Eliminate Overwhelm: How to Eat an Elephant (a Personal Productivity Quandry)

By Larry Galler

 

There is an old joke about the technique to use when dining on an elephant. If you manage a business, supervise a group or team, you are probably dealing with an overwhelming and overflowing in-box, multiple projects, and a series of last-minute surprises and you’ve asked the question, “How do you eat an elephant?”

Everyone who manages any facet of a business or institution is faced with elephants.
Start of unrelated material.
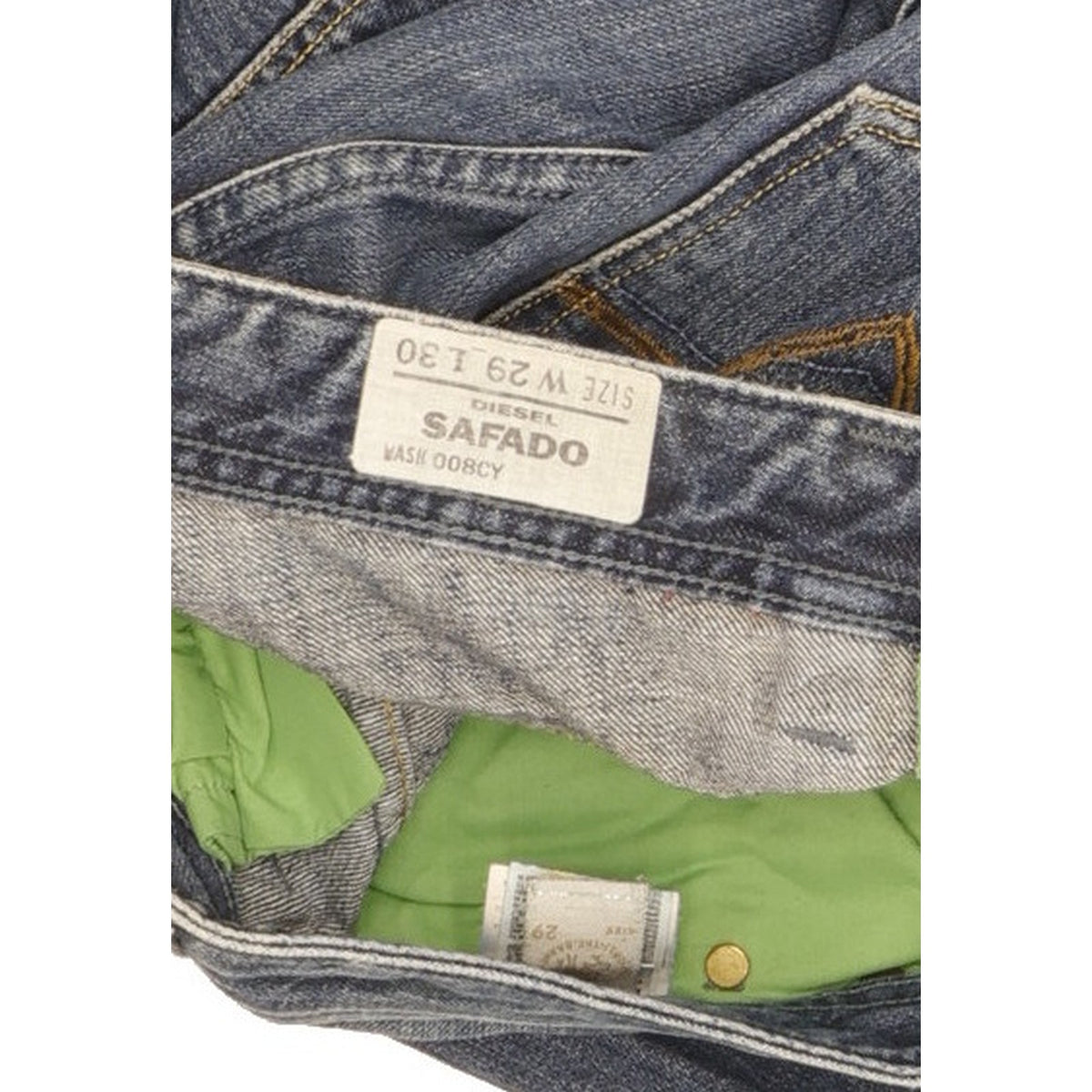 Diesel Safado Men Blue Straight Slim Jeans W29 L30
Elephants are the massive tasks and challenges we encounter, seemingly every day (or the astonishing number of tasks and details that somehow lands on your desk):

That mountain of paperwork to go through!
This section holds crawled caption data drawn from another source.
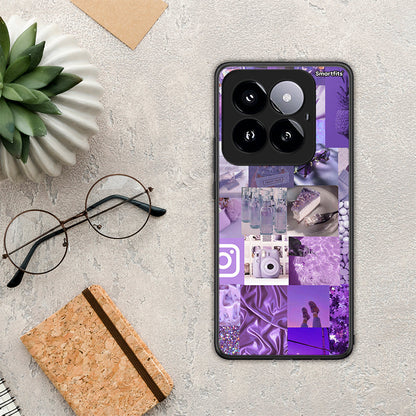 Purple Aesthetic Collage - Xiaomi 14 Pro 5G θήκη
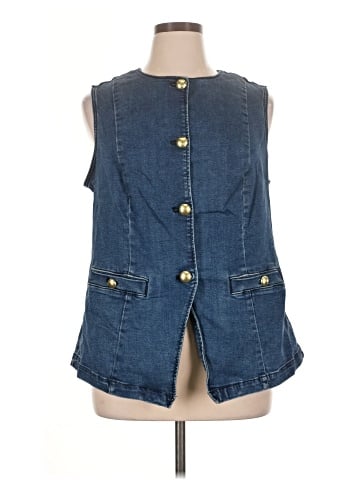 Torrid Denim Vest (view 1)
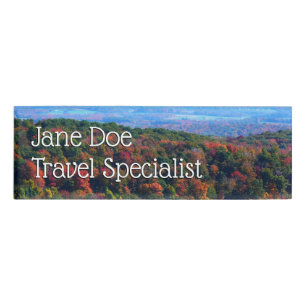 Appalachian Mountains in Fall Name Tag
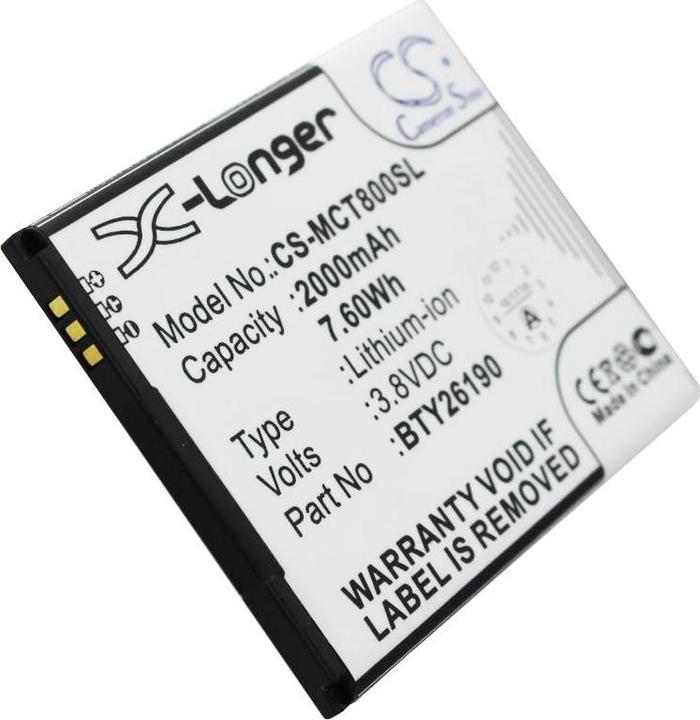 Actual product image AccuCell Akku MOBISTEL Cynus T8, BTY26190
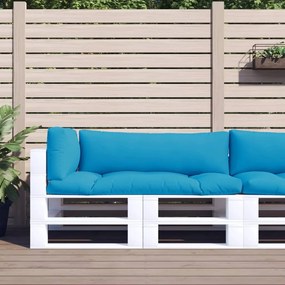 vidaXL Almofadões para paletes 3 pcs tecido azul-claro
The seemingly impossible quotas!

The customers demanding ever higher levels of speed, service, and quality.

Staff that has questions, ideas, due-dates, and requests

Vendors to keep on top of

The endless details of managing our business and personal life!
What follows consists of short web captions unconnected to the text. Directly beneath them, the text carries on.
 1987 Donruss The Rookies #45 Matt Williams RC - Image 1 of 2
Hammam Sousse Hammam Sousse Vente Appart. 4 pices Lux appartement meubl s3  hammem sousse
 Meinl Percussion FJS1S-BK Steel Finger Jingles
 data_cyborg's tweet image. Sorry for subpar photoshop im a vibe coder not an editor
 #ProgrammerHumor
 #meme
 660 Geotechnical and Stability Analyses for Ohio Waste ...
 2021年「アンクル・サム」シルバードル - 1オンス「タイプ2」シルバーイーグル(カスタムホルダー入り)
It’s a whole herd of elephants!

So how do we convert our daily elephants into something of manageable size?

  1. Determine the end results and focus on key points.
  2. Prioritize those key points (most important / easiest to accomplish / highest return-on-investment / etc.)
  3. Delegate as many tasks as possible to people who have the skills and the time to do them correctly and on time (and if they are dealing with elephants themselves, help them by showing them this list). NOTE: create deadlines or you will have even more stuff on your list.
  4. Develop a time-line – blend the time needed and the time allotted with checkpoints to insure adherence to the timetable.
  5. Break the project into digestible, manageable, and tasty chunks.
  6. Get started on task #1 and continue to move forward.
  7. Revise and reprioritize the list as new tasks arrive

If you don’t take this methodical approach then every day is chaos, constantly behind and out of breath with a result that some tasks either don’t get done at all or they get finished in a sloppy, low-quality manner which means that they will show up on your desk again to be done or redone which means you’ve wasted the time and effort the first time which produces more chaos, more angst, more overwhelm. Better to get on with eating the elephant.

When the task is an elephant (and aren’t they all?) break that big guy into manageable parts that are focused towards a timely result. In other words, “One Bite at A Time!”

Soon you will be ready for a delicious dessert.